Problem description:
Only one span is wanted from the lines below: from the one with "Rose gold cushion" up to and including the one with "8' Navy Blue". Copy it exactly, without images.

===== Extracted information =====

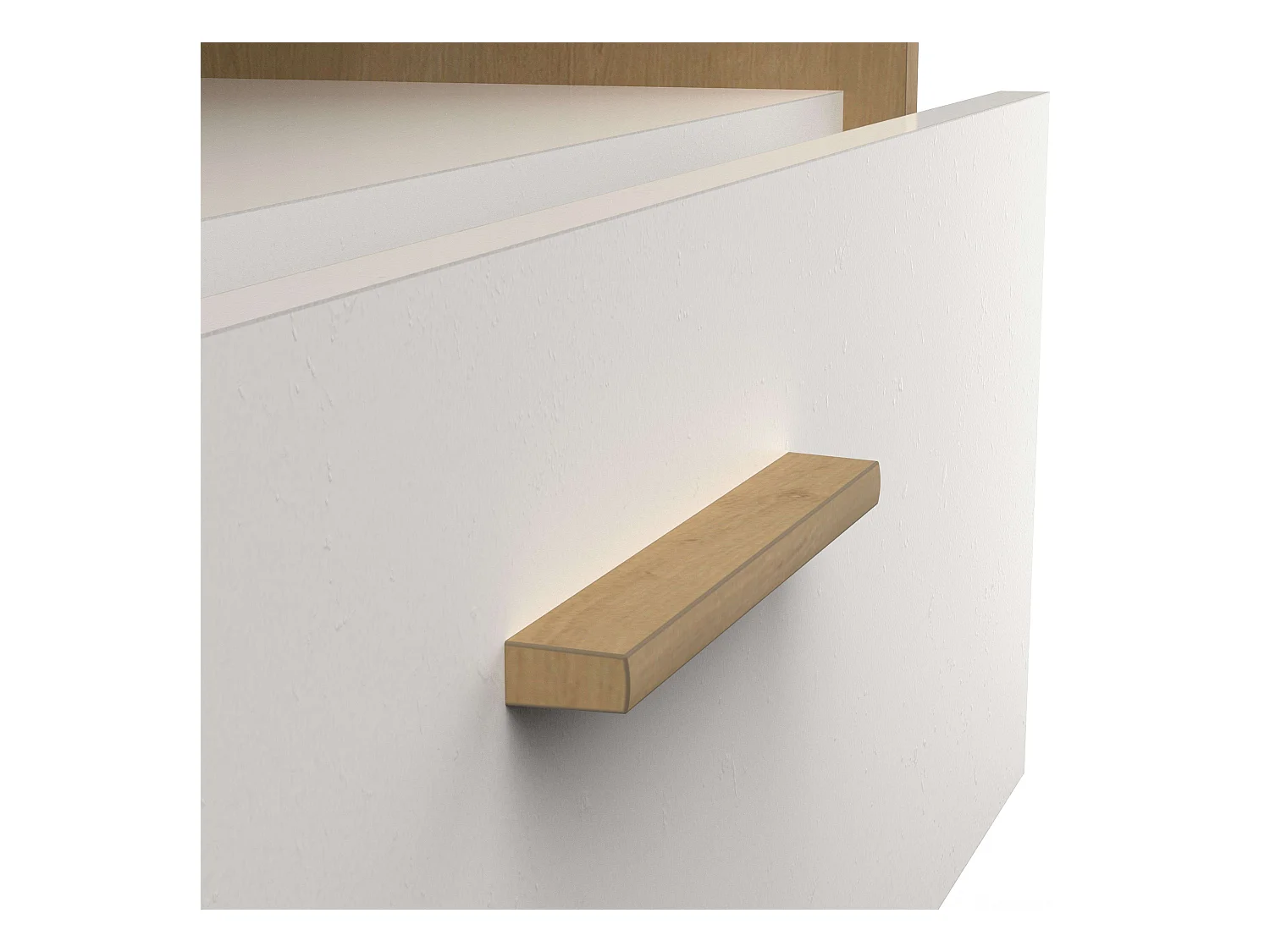 Cómoda Juvenil Naili 2 Cajones Dormitorio Roble y Blanco 73X74 cm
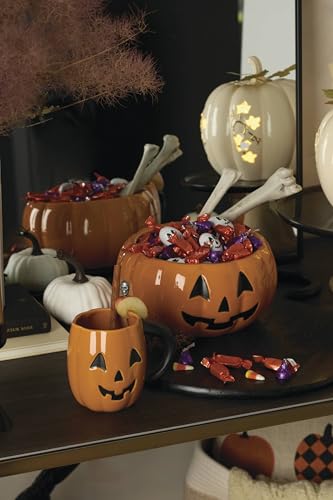 Lenox Vintage Figural Pumpkin Halloween Candy Bowl | porcelain, dishwasher and microwave safe | 9.25 inch diameter | jack o'lantern trick-or-treat candy dish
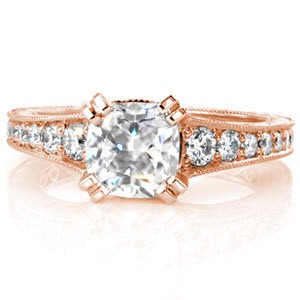 Rose gold cushion cut diamond engagement ring in Indianapolis.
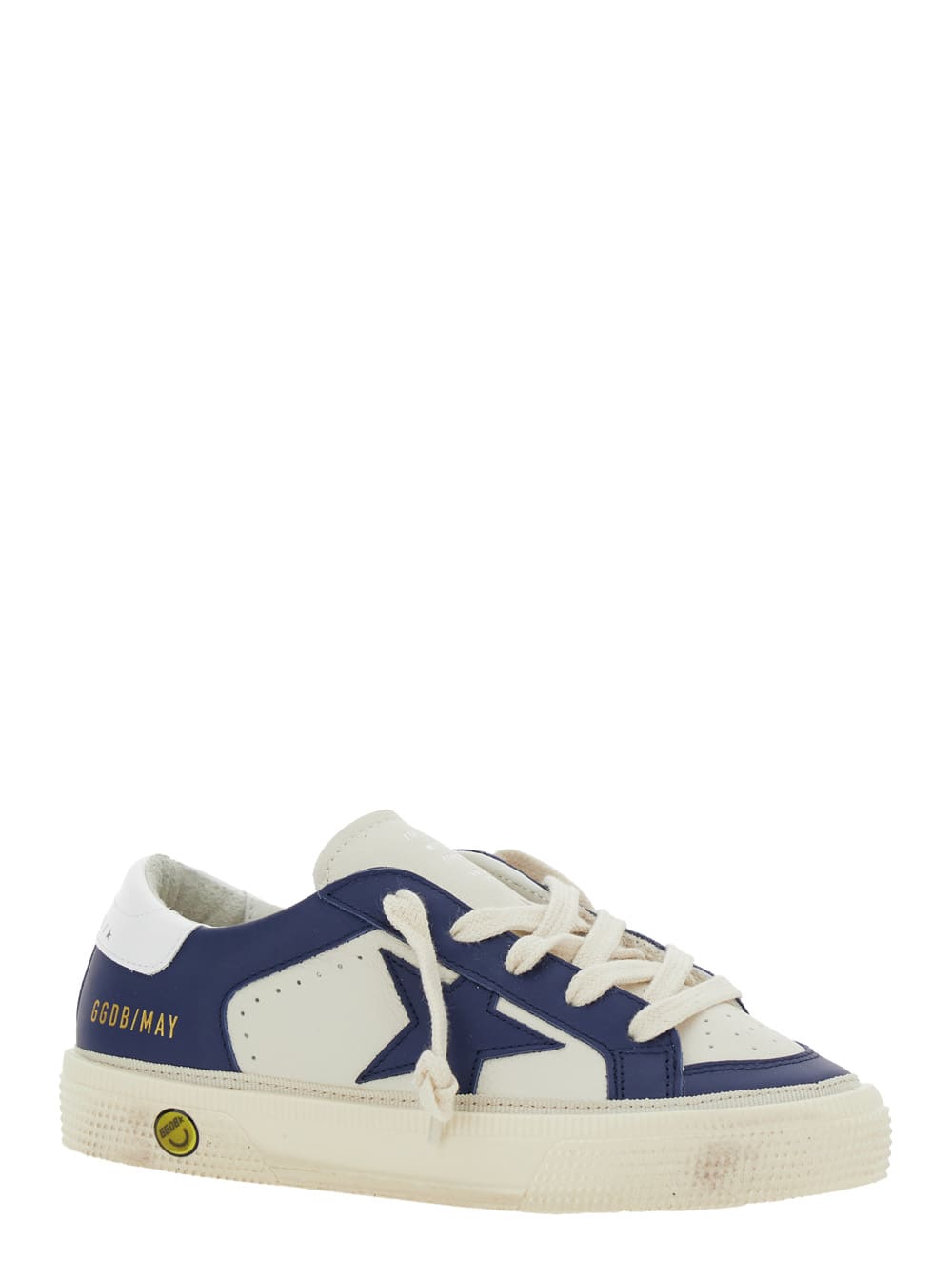 Golden Goose May With Double Quarter And Toe Leather Upper Star And Heel - Include Codice Gyf In Blu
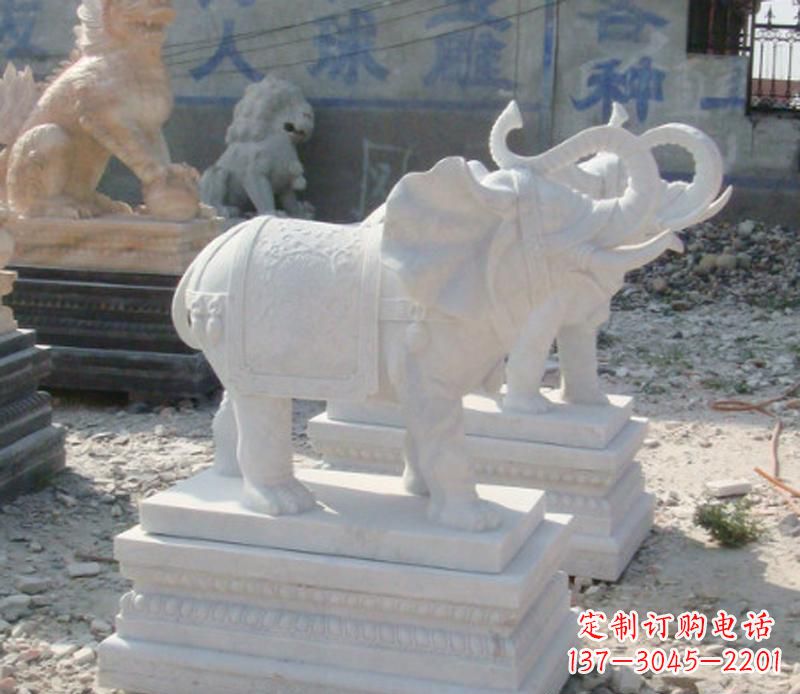 天津汉白玉卷鼻喷水大象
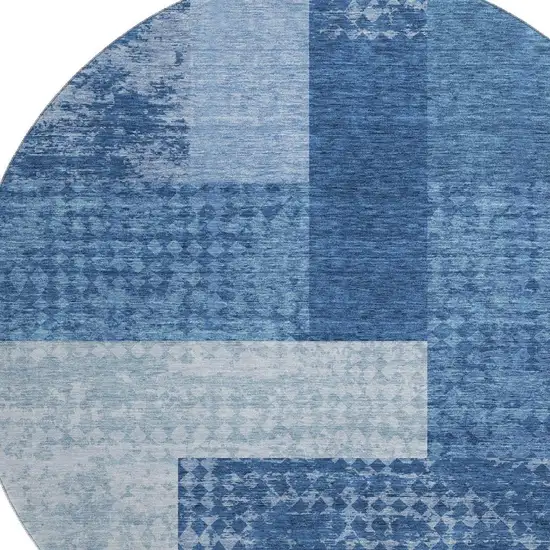 8' Navy Blue And Ivory Geometric Washable Round Rug With UV Protection Photo 2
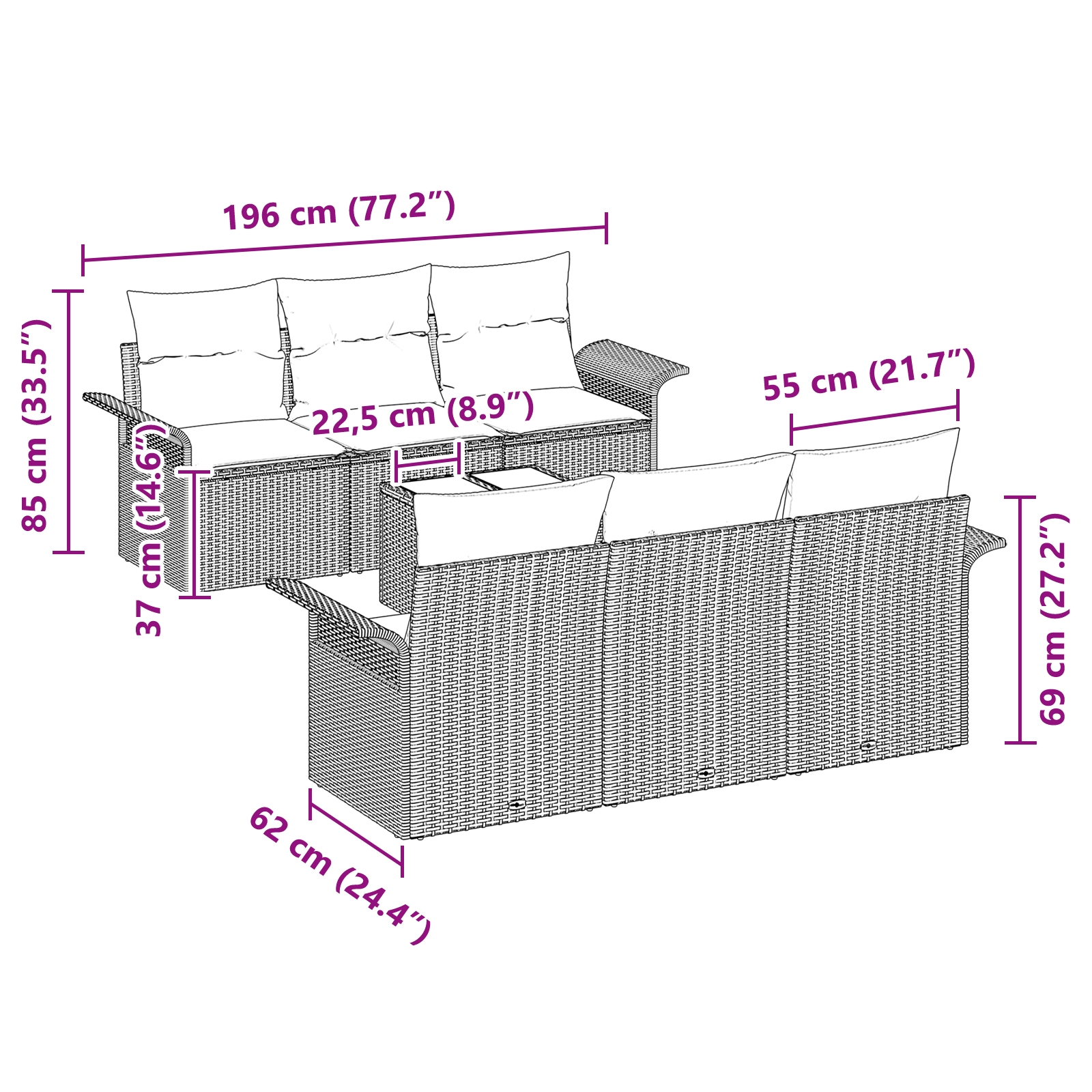 3345247 11 Set de canapele pentru grădină 7 pcs Negru Rattan poli Set de canapele pentru grădină 7 pcs Negru Rattan poli - imagine 11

=====

Exercise answer:
 Rose gold cushion cut diamond engagement ring in Indianapolis.
 Golden Goose May With Double Quarter And Toe Leather Upper Star And Heel - Include Codice Gyf In Blu
 天津汉白玉卷鼻喷水大象
 8' Navy Blue And Ivory Geometric Washable Round Rug With UV Protection Photo 2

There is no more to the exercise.